7 The ship …and they think that it’s quite impossible to acquire the professionl skill needed for such control (whether or not they want it exercised) and that there’s no such thing as an art of navigation. With all this going on aboard aren’t the sailors on any such ship bound to regard the true navigator as a word-spinner and a star-gazer, of no use to them at all? (The Republic, Book VI, 488a-e)

8 Analysing the analogy the ship = the state; the captain = politicians; the crew = the people; the art of navigation = the knowledge of the good needed to rule properly; and the true navigator = the philosopher.

9 Philosopher kings Politics is about the common good.

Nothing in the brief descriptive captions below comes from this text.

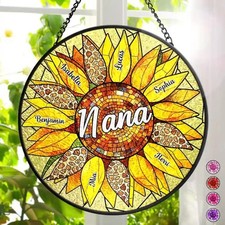 Family Sunflower Stained Glass Suncatcher, Personalized Birth Month Mother's Day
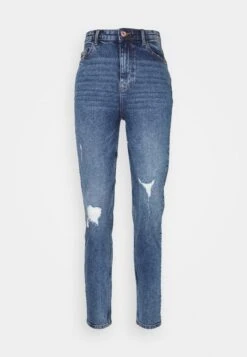 Pieces Pckesia Mom Destroy - Relaxed Fit Jeans - Medium Blue Denim -Pieces d11b0076f55d45b7b170439e73fc7d68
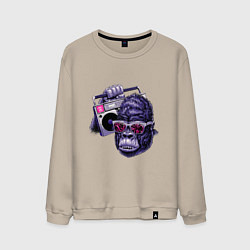 Свитшот хлопковый мужской Горилла в очках с магнитофоном, цвет: миндальный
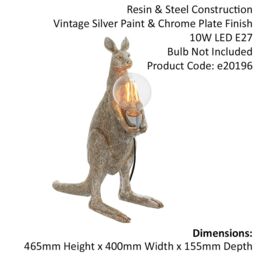 Loops Vintage Silver Kangaroo Table Light - Resin Figure - Chrome Plated Lamp Holder in Metallics - thumbnail 2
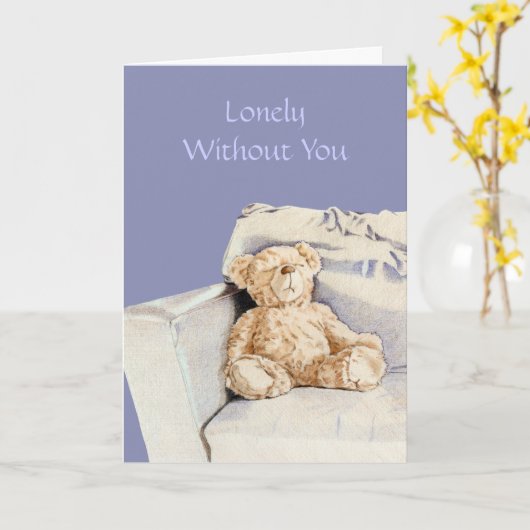 Lonely Teddy Ik mis je Kaart (Gele Bloem)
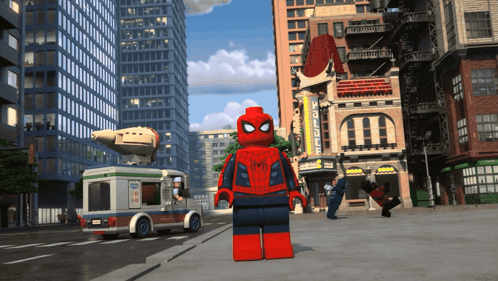 A Lego Spider Man Stands On A City Street With A Pizza Truck In The Background GIF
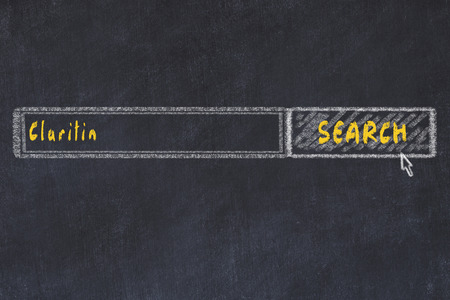 Medical concept. Chalk drawing of a search engine window looking for drug claritin.の写真素材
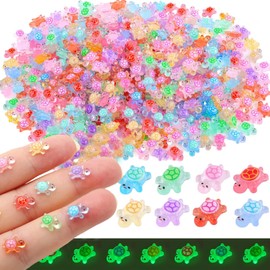 BoAn 200Pcs Mini Resin Animals Turtles, Luminous Mini Turtle Figurines Glow, Hide Miniature Figures Glow in The Dark Small Plastic, for Fairy Garden Micro Landscaping Dollhouse Home Decor Crafts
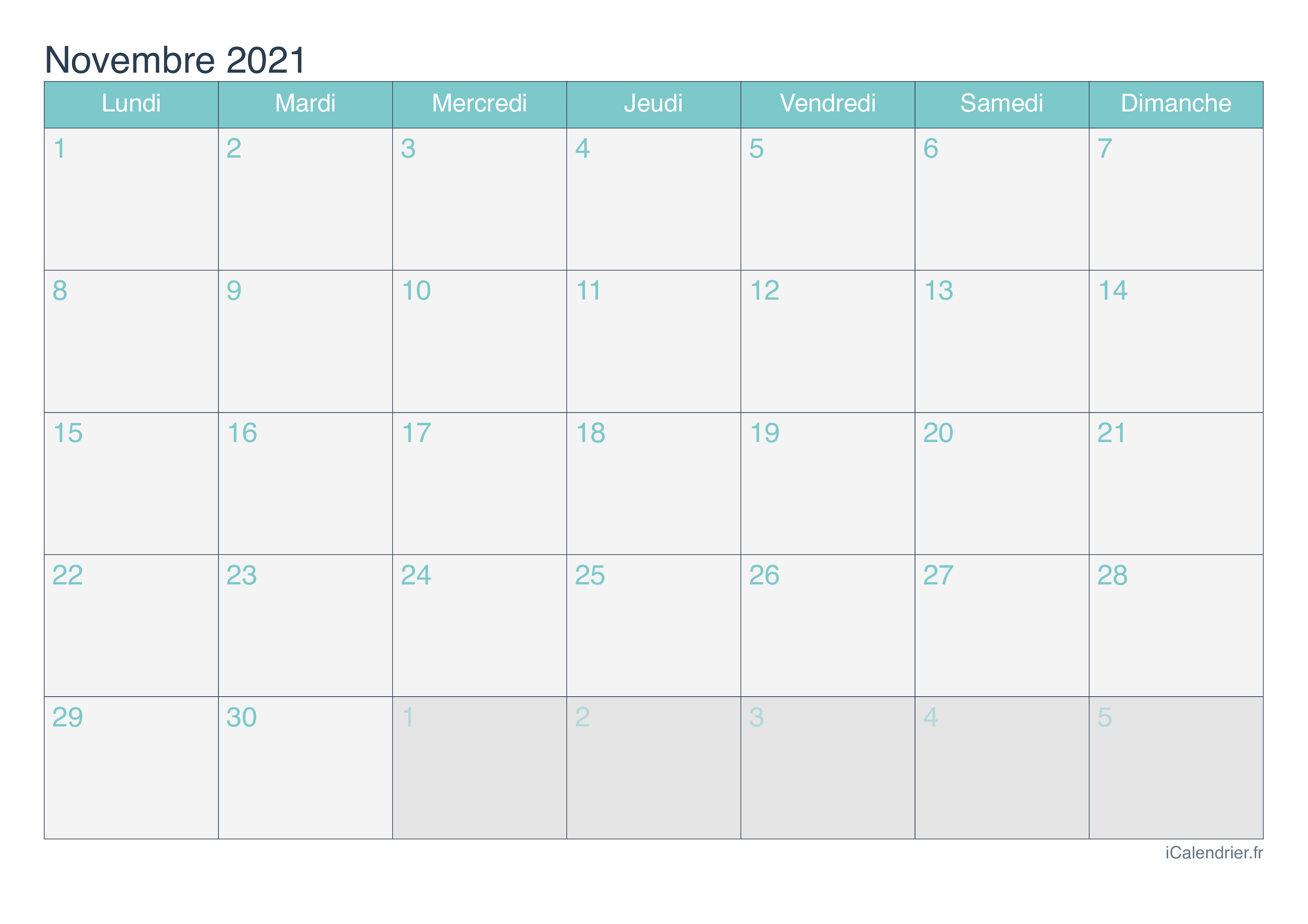Calendrier de novembre 2021 - Turquoise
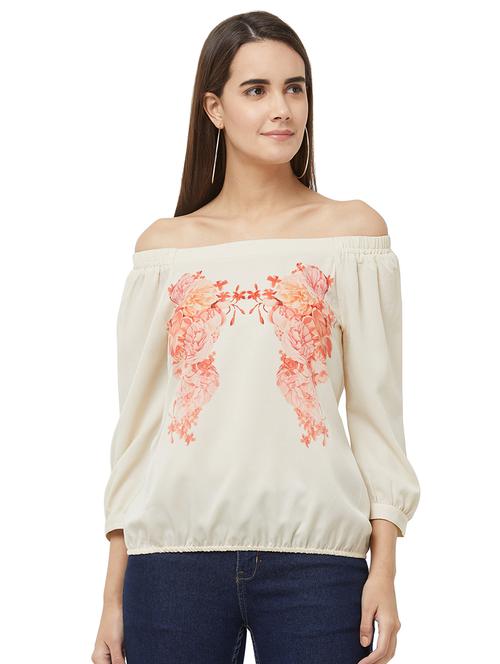 off shoulder floral top - 16660303 - Standard Image - 1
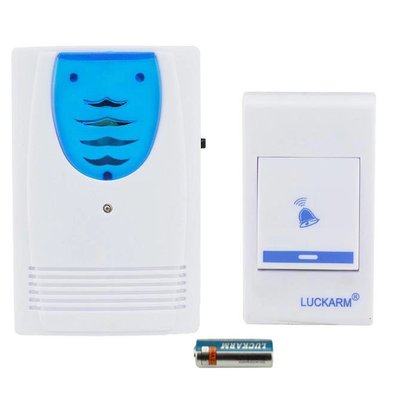 Дверной звонок от батареек Luckarm Intelligent 8203 беспроводной. Цвет: голубой ws45849 фото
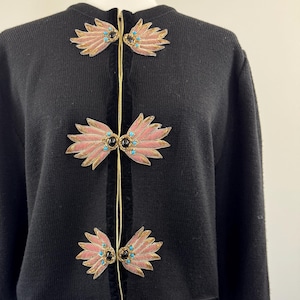 1980s Daniela Schurmann Black Wool Cardigan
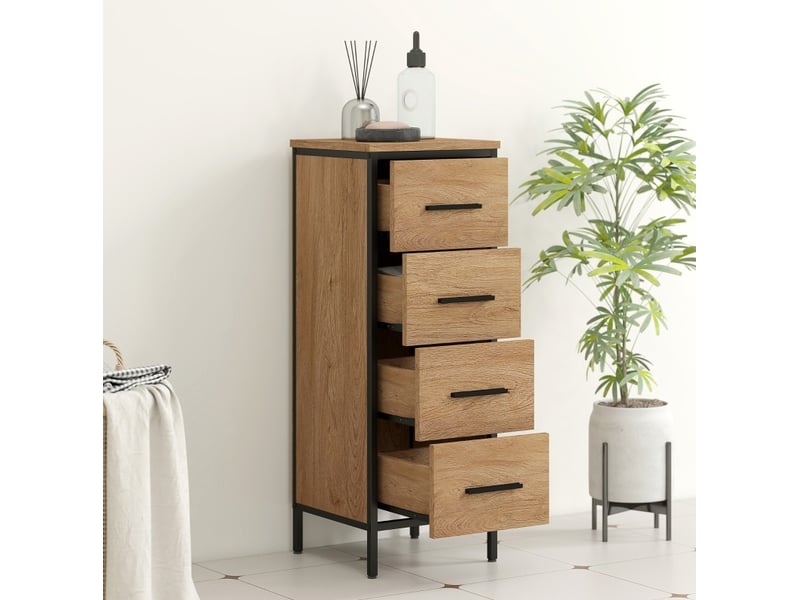  Meuble de salle de bains compact 4 tiroirs style industriel homvra  - Conforama C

There can be knowledge of the common good. People don’t always (or even generally) know what is good for them; and so consent will only tell us what they want, not how they should be ruled. People certainly don’t know the common good; nor are they motivated by it. Philosophy gives us true and proper knowledge of what is good. It is philosophers, then, who ought to rule.

10 Objections Is the common good independent of what we want? Can philosophers have knowledge of the common good? Would philosophers make good rulers in any other way? Is politics (only) about the common good? Does democracy embody other values?